Anche il sanitario proponeva ricorso incidentale assumendo, per quanto qui di interesse, che il follow up era rimasto estraneo alla sfera di controllo del chirurgo, tenuto anche conto del fatto che il paziente era seguito da altro professionista di fiducia che lo aveva invitato a farsi operare, come poi correttamente avvenuto, e che la Corte d’Appello aveva accordato il danno da perdita di chance a fronte della diversa domanda di danno da morte, fondandolo su pretese necessità di follow up, successive a dieci anni, non previste dai protocolli dell’epoca, ma da pochi studi scientifici successivi al 1985.

DISTINGUERE TRA CAUSALITÀ E EVENTO DI DANNO
La Suprema Corte rigetta sia il ricorso principale, che quello incidentale per le seguenti motivazioni.

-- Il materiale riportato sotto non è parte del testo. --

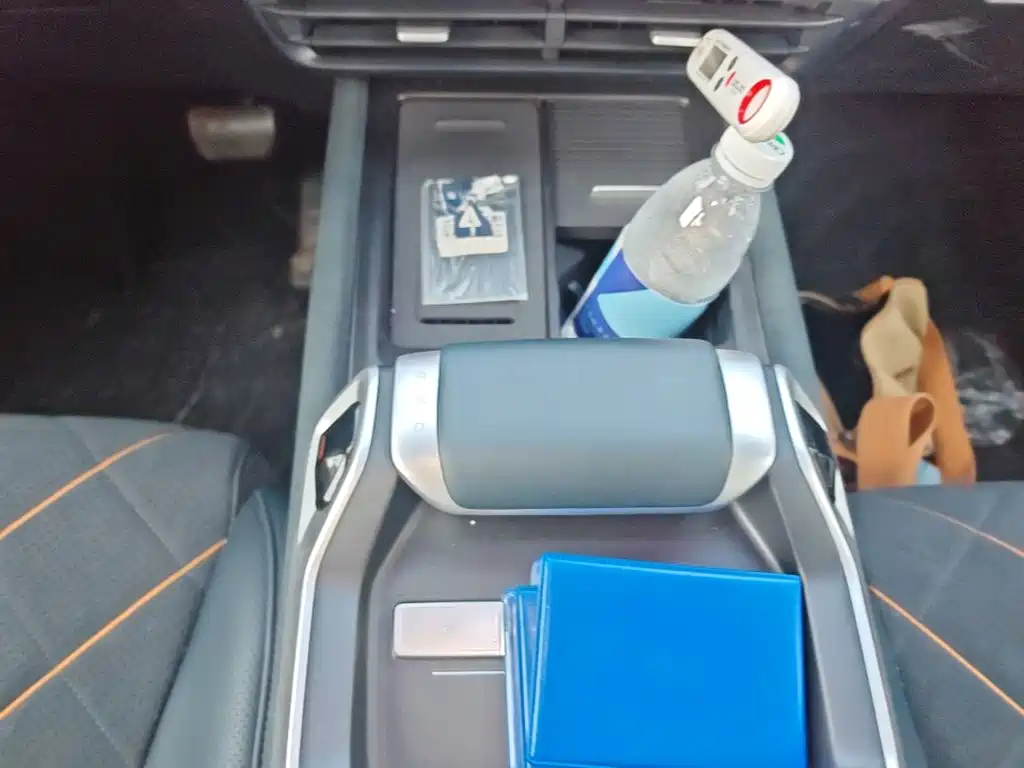 Deepal Deepal G318 — миниатюра 14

Gli Ermellini asseriscono che l’impostazione adottata dalla Corte d’Appello è conforme alla giurisprudenza di legittimità secondo cui: 
a) la perdita di chance a carattere non patrimoniale consiste nella privazione della possibilità di un miglior risultato sperato, incerto ed eventuale (la maggiore durata della vita o la sopportazione di minori sofferenze), conseguente, secondo gli ordinari criteri di derivazione eziologica, alla condotta colposa del sanitario, e integra evento di danno risarcibile, da liquidare in via equitativa, quando la “possibilità perduta” sia apprezzabile, seria e consistente (Cass., 09/03/2018, n. 5641, pag. 21, lettera e); Cass., 11/11/2019, n. 28993);
b) l’attività del giudice deve coerentemente tenere distinta la dimensione della causalità da quella dell’evento di danno e deve altresì adeguatamente valutare il grado di incertezza dell’una e distintamente dell’altra, muovendo dalla previa e necessaria indagine sul nesso causale tra condotta ed evento, procedendo, poi, all’identificazione dell’evento di danno, la cui riconducibilità al concetto di chance postula un’incertezza del risultato sperato, e non già il mancato risultato stesso, in presenza del quale non è possibile discorrere di una chance perduta, ma di un altro e diverso danno (Cass., 26/06/2020, n. 12906).

CORRETTO VALUTARE LA PERDITA DELLA POSSIBILITÀ DI EVITARE LA MORTE 
E nel caso di specie, la Corte territoriale si era propriamente conformata a detti principi avendo verificato che:
il melanoma da cui era affetto il paziente era originariamente inquadrabile al primo stadio, con speranze di guarigione vicine al 100%, ovvero del 97% a cinque anni dopo il trattamento e del 95% a dieci anni dopo il trattamento;
era mancato completamente il follow up, doveroso in fieri oltre i dieci anni in base agli studi scientifici compiuti tra il 1980 e il 1990;
quest’ultimo, se eseguito, avrebbe potuto, con altissime probabilità, individuare le sopravvenute metastasi linfonodali ascellari in stato iniziale, in una fase curabile con maggiore efficacia, aumentando in modo concretamente significativo, dunque seriamente apprezzabile, le possibilità di sopravvivenza del malato, tanto più perché particolarmente esposto ai raggi solari esercitando anche il mestiere di skipper.
Invero, anche proseguendo i controlli dopo i dieci anni dal trattamento chirurgico del 1985, si sarebbero potute individuare tempestivamente evoluzioni patogene a fronte delle quali, la percentuale di sopravvivenza sarebbe stata del 59-78% a cinque anni.
Si è dunque rivelata corretta la statuizione di secondo grado, laddove si stava risarcendo la perdita delle possibilità di evitare la morte, non l’evento morte, ed è stata dunque disposta una riduzione equitativa di un terzo dell’importo liquidato riferendosi alla “posta integrale” della perdita, in proprio, del rapporto parentale.